According to Belgian Interior Minister Jan Jambon, the cracks were found by cameras using ultrasound technology. The plant will continue operating as usual, Jambon added.
Anti-nuclear activists and German politicians alike have long criticised the nuclear facility, which sits less than 40 miles from the German border.
The reactor was discussed during the first ever Belgium-Germany nuclear meeting that took place last week in Bonn, Germany, where German Greenpeace campaigner Heinz Smital said that his country could do more to pressure neighbor countries about shutting down their nuclear plants.

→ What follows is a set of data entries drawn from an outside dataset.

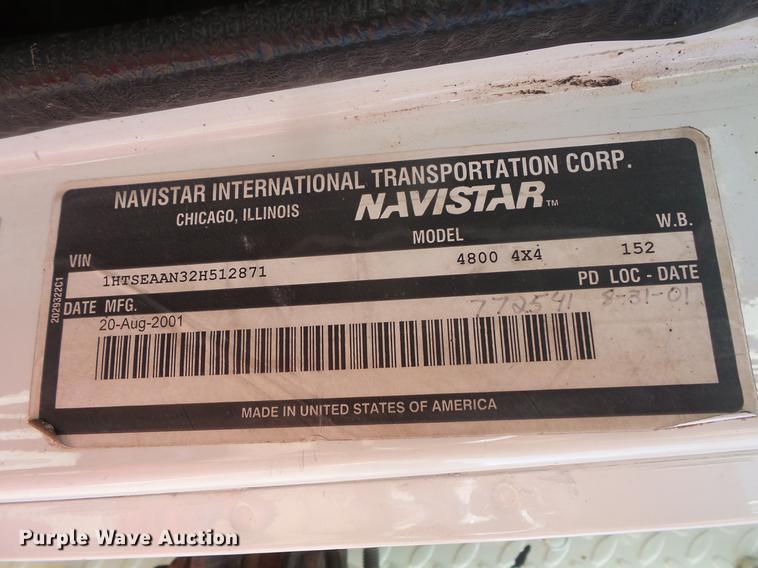 image for item DB8046 2002 International 4800 bucket truck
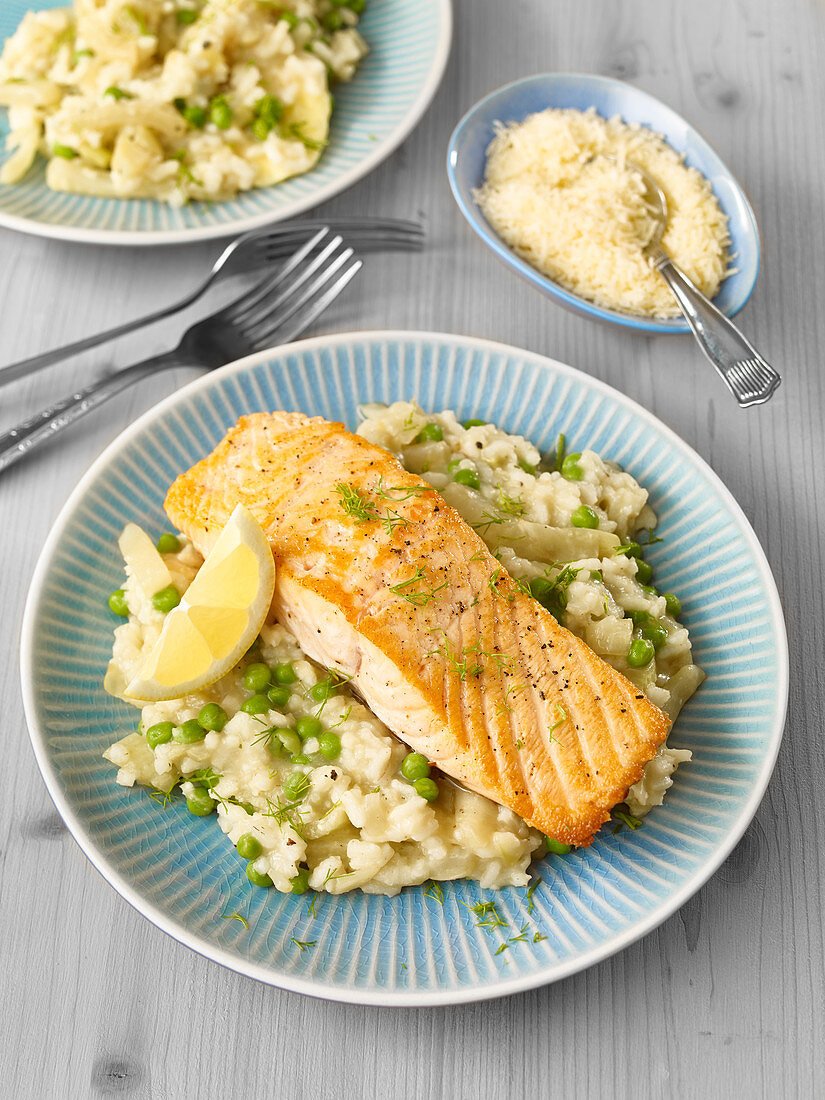 Fennel risotto with salmon fillet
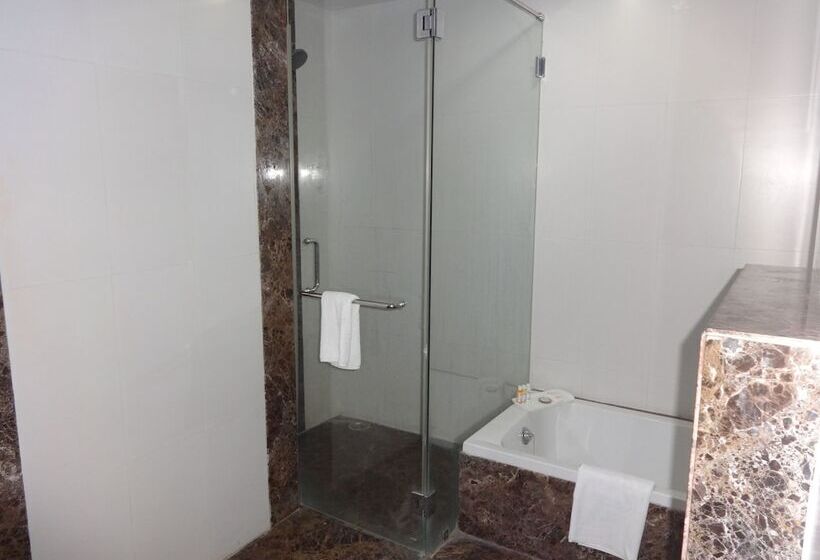 デラックススイート, Pride Ananya Resorts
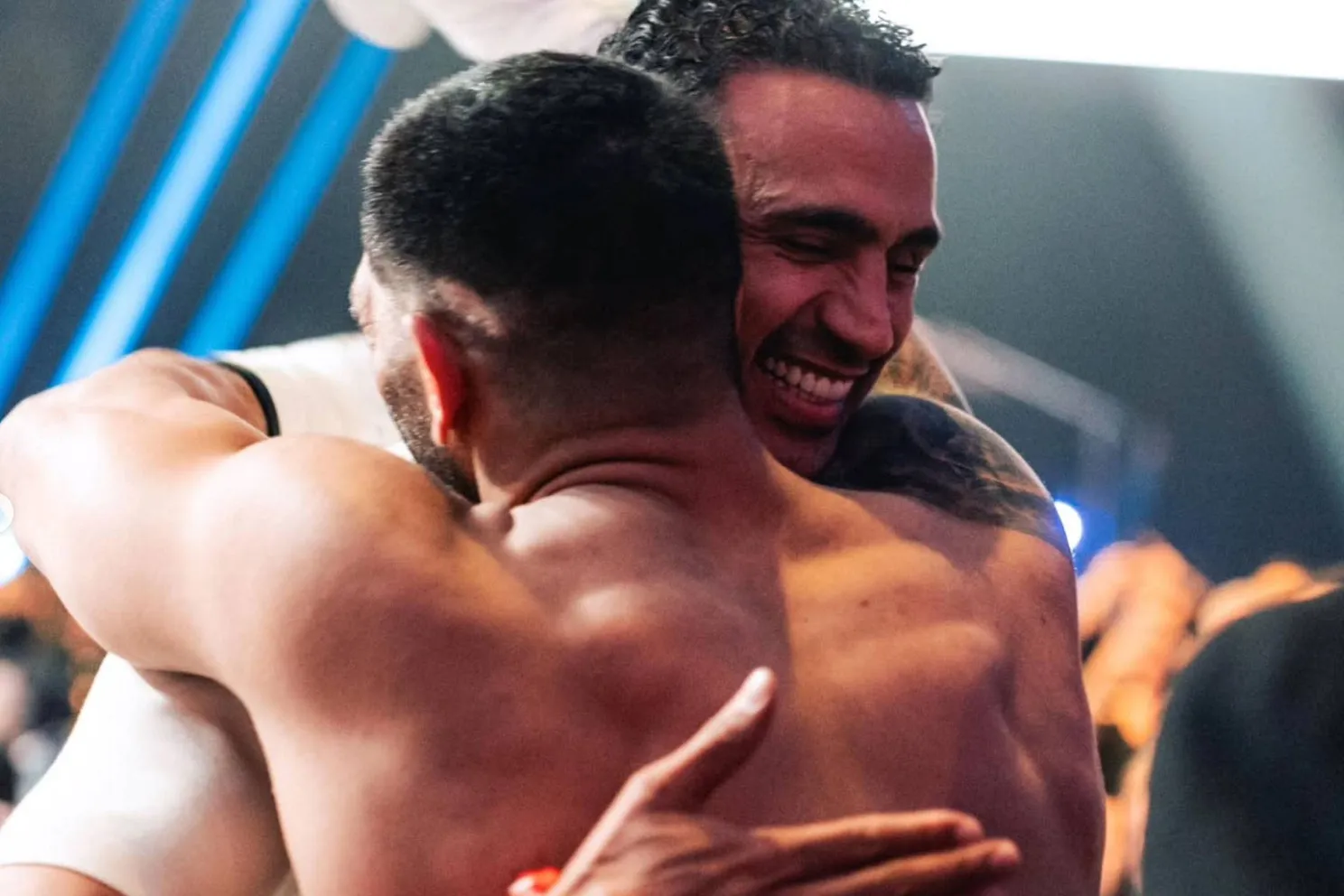 Ziet Badr Hari zijn opvolger? Emotioneel beeld dat blijft hangen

"The German government could be clearer in how important Belgium's nuclear phaseout is, because there are lots of models on how a nuclear cloud could affect large parts of Germany," he told Deutsche Welle. "Germany is not playing all the cards it could. The government of Austria is taking legal steps against new nuclear constructions in the UK and other countries. I would like to see the German government being more effective in taking concrete steps to get rid of the nuclear threat."

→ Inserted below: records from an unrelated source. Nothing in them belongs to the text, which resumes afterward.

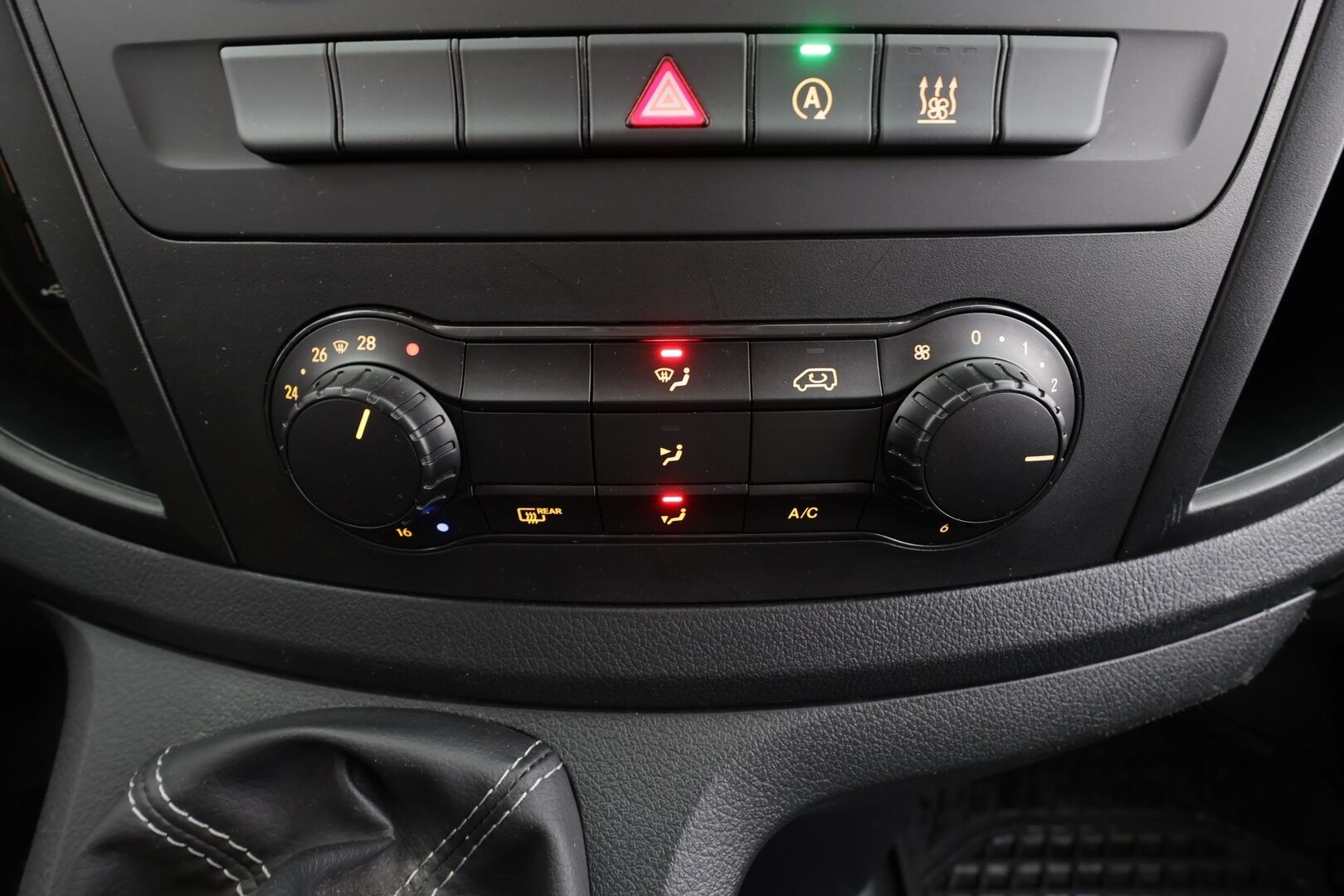 Mercedes-Benz Vito 2022 110CDI FWD-3,05/32K keskipitkä A2 Worker * Webasto / P.Kamera / Vakkari / Apple&Android / Ilmastointi / ALV * - Suomi-auto / Kahdet renkaat / Merkkihuollot
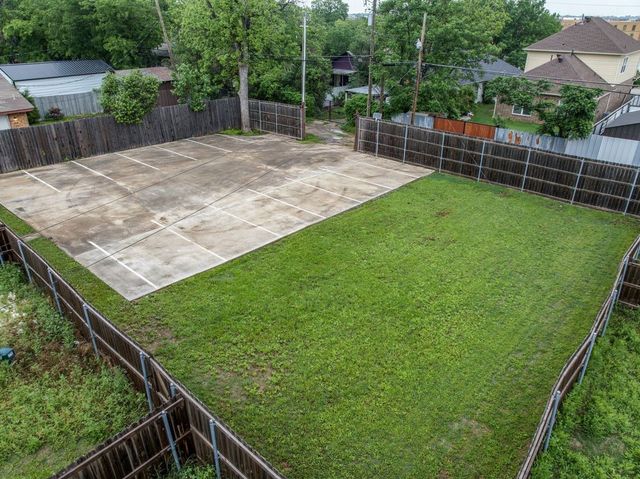 2406 Ross Avenue, Fort Worth, TX 76164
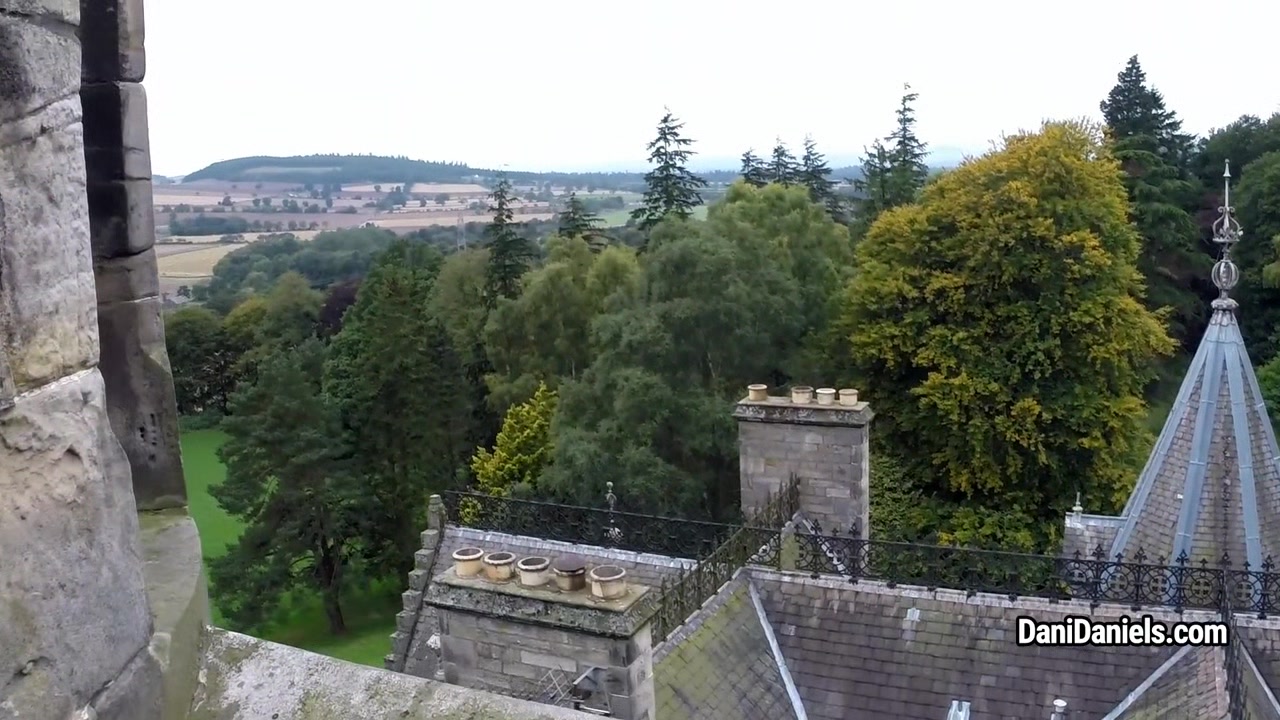 Dani Daniels - Scotland Castle Stranger Blowjob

Engie-Electrabel, the operator that conducted the inspection under the auspices of the Belgian Atomic Regulatory Authority (FANC), said that the flaws present no dangers to the plant’s operations, as long as they do not expand, RT reported.

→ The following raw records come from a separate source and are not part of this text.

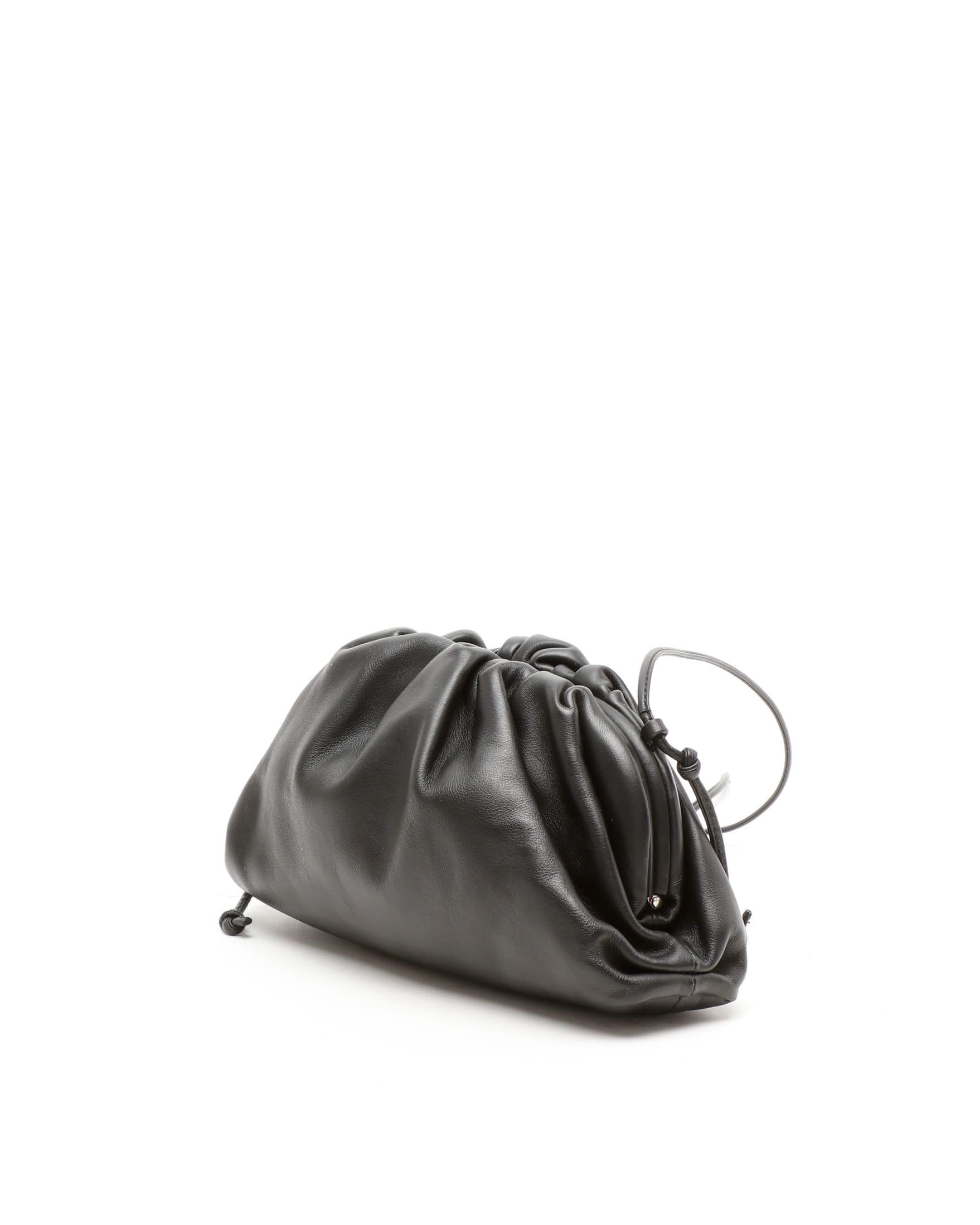 Bottega Veneta Mini The Pouch Bag In Black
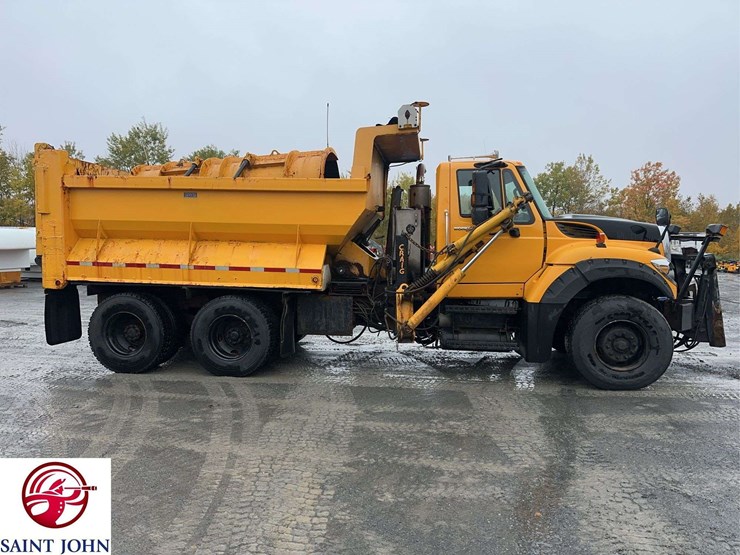 international-workstar-7600-image-4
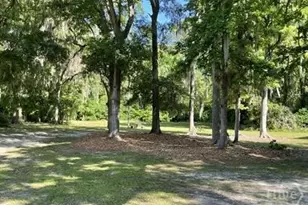 401 N Cromwell Rd, Savannah, GA 31410 - Photo 36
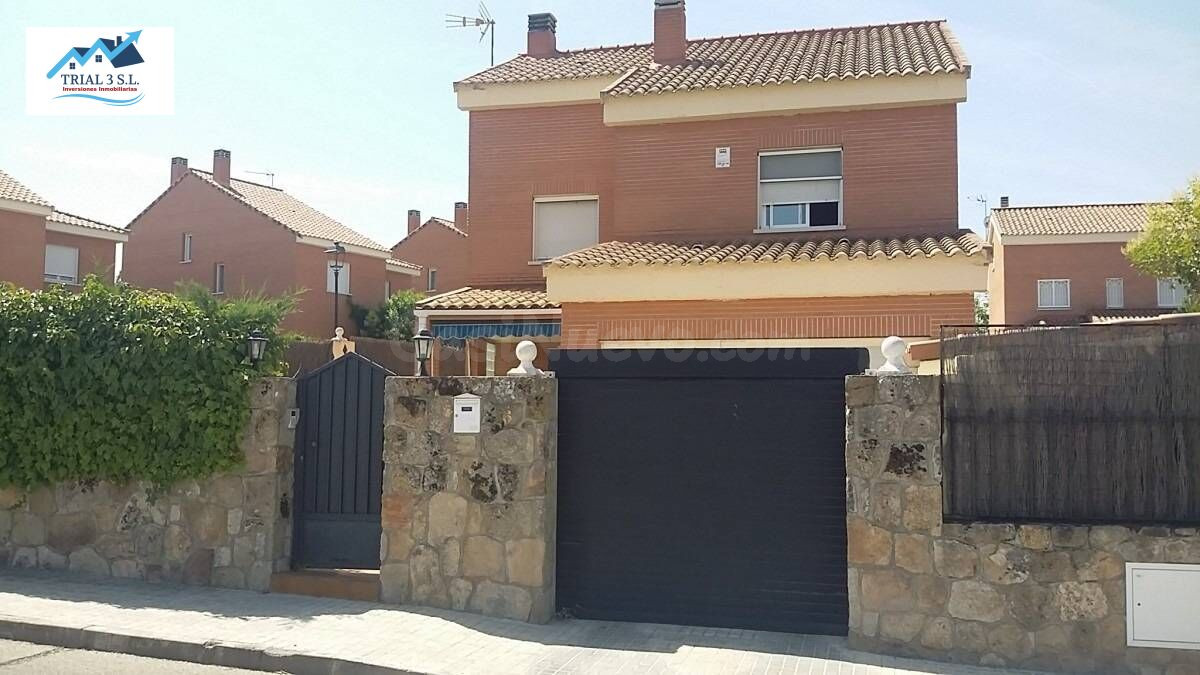 Venta chalet en Moraleja de Enmedio (Madrid)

There are three reactors at the plant, which is now more than 40 years old. It has faced a number of incidents and shutdowns due to issues with safety and maintenance.
As of 2015, 3,149 points of damage had been found on the Tihange 2 reactor by nuclear inspectors, according to reports from Belgian newspaper Belga. The Nuclear Stop organization says that the number has risen to 3,219, an increase of 2.2 percent.
Belgium is often forced to extend the lifespan of nuclear reactors while developing other energy sources, as about 39 percent of its electric supply comes from nuclear power.
A November control check also revealed previously undetected microcracks at the Doel 3 nuclear reactor near Antwerp.